→ Exercise data
*** Block opens ***
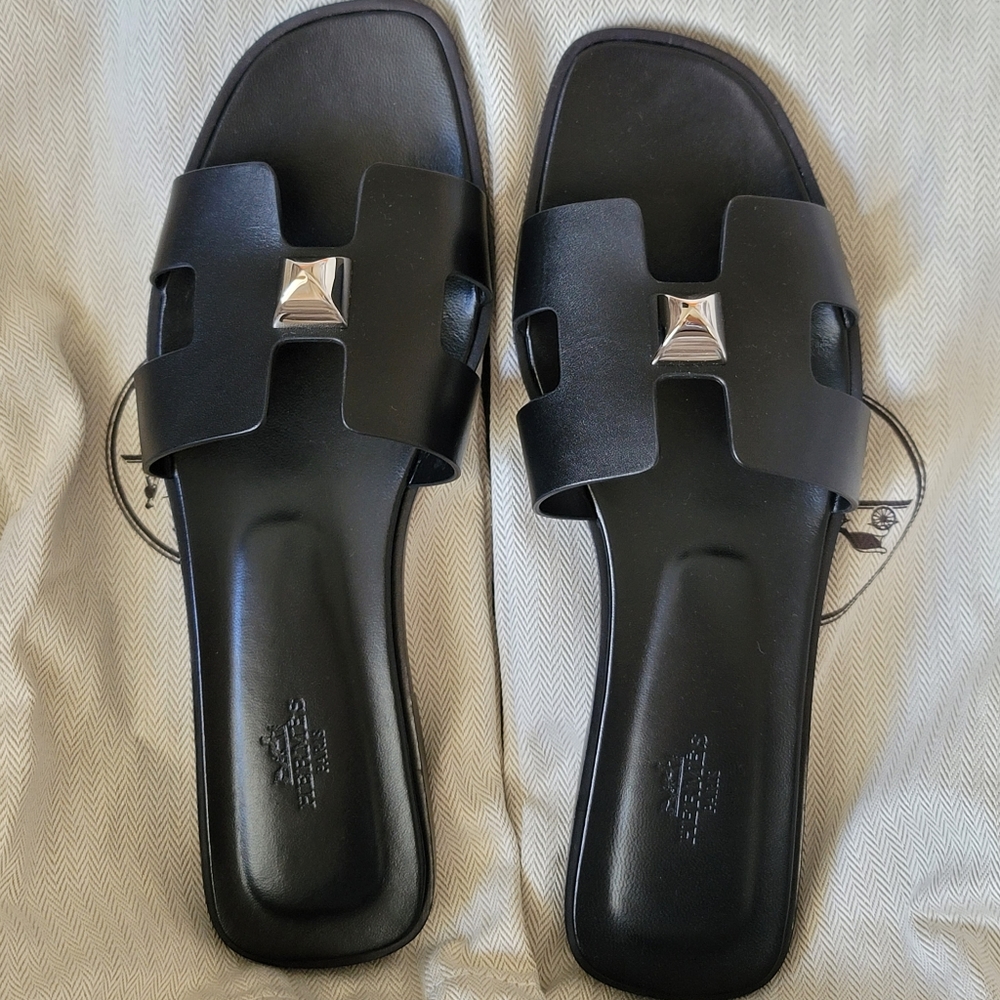 Hermes Sandal BLACK LEATHER SILVER STUD SIZE 39.5=9.5US LIMITED EDITION ORAN NEW - Picture 8 of 17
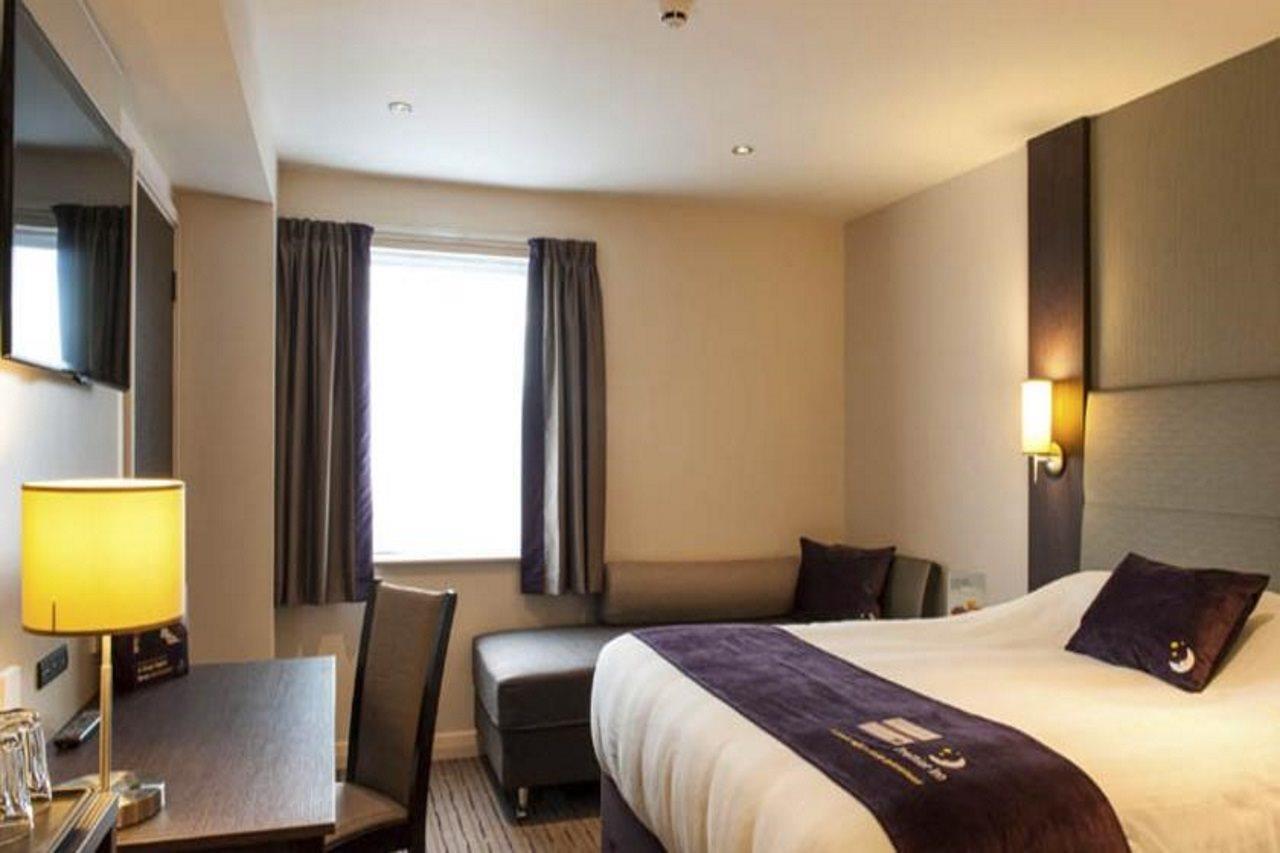 Premier Inn Huddersfield West Екстер'єр фото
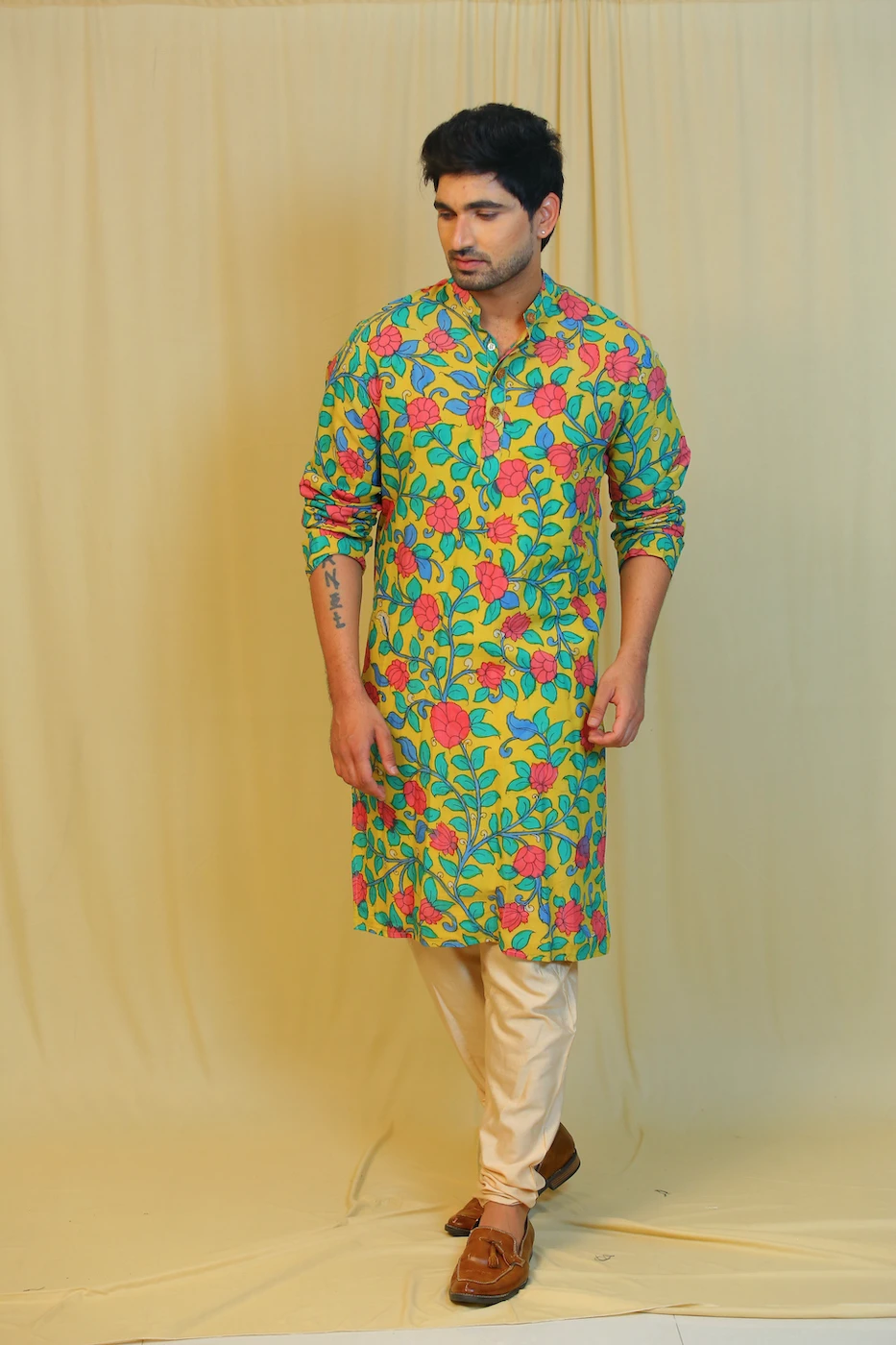 yellow-pen-kalamkari-crepe-kurta-m?uid=1674997867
*** Block closes ***
→ What this task involves
All of the material above is to be retyped verbatim, with its pictures omitted.

→ Output below
 Hermes Sandal BLACK LEATHER SILVER STUD SIZE 39.5=9.5US LIMITED EDITION ORAN NEW - Picture 8 of 17
 Premier Inn Huddersfield West Екстер'єр фото
 yellow-pen-kalamkari-crepe-kurta-m?uid=1674997867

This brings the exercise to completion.